After circling Mount Lofty I drove back to the Bend to interview Rodrigo. One of the latest arrivals to the Bend (even more so than Tserin and Jess), Rodrigo and his young family have bought a property on Ironbark Road roughly a year ago. Mexican in origin, Rodrigo and his partner have had a bit of exposure to eco-communities in the past and were initially attracted to the Bend by the community appeal.

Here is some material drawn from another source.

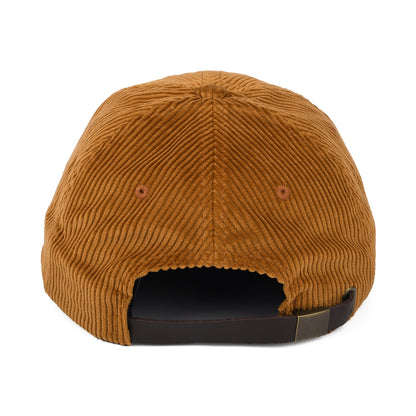 Brixton Hats Parsons LP Corduroy Baseball Cap - Toffee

He briefly showed me around the property, which they share with two other households, before we settled down for the interview. I was blown away by how articulate he was about the concept of placemaking and his experience of the Bend. We chatted about the social aspects of living in the ELZ (the community strengthening due to the reciprocal behaviour of each member) before addressing the environmental aspects of the Bend. He hit the nail upon the head in regards to my research focusing upon place being socialised space when he explained how when you pay attention to the space you are in it starts to become a special place. When we focus upon the details of an environment, or are taught about it with the help of positive community members, our understanding and sense of place strengthens. I find this more relates to Tuan’s points on qualitative experience rather than Seamon’s place-ballets. Perhaps I have been barking up the wrong tree in regards to Seamon’s schema. The notion of establishing habits or routines that prompt a type of dance between you and the space you are in to produce an impression of place seems to rely upon a subconscious behaviour. When we establish a routine sequence of actions (i.e. doing the dishes, cleaning the car, mowing the lawn) we initiate an automated type of behaviour where we switch off our active thought processes and let our motor-skills and reflexes complete the job at hand.

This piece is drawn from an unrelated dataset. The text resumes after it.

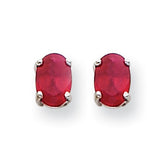 14k White Gold Ruby Earrings XE87WR-B - shirin-diamonds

I feel I am coming across a different type of placemaking with the BOI community, as each resident tells me about their learning experience as they are continuously exposed to the ecological aspects of the place. Rudi told me about the birds and orchids he learns about when engaging with the community and walking through the landscape; Mick elaborated on the Indigenous people’s history of the BOI, which he no doubt learned from conversing with many of the local Wurendjeri; Tserin told me about how his arborist interests have adjusted after delicate flora in the BOI understorey had been pointed out to hiim; etc.
Placemaking is more about learning than anything else. The more we learn about a place (either biographically or socially), the deeper and more rich our sense of place becomes.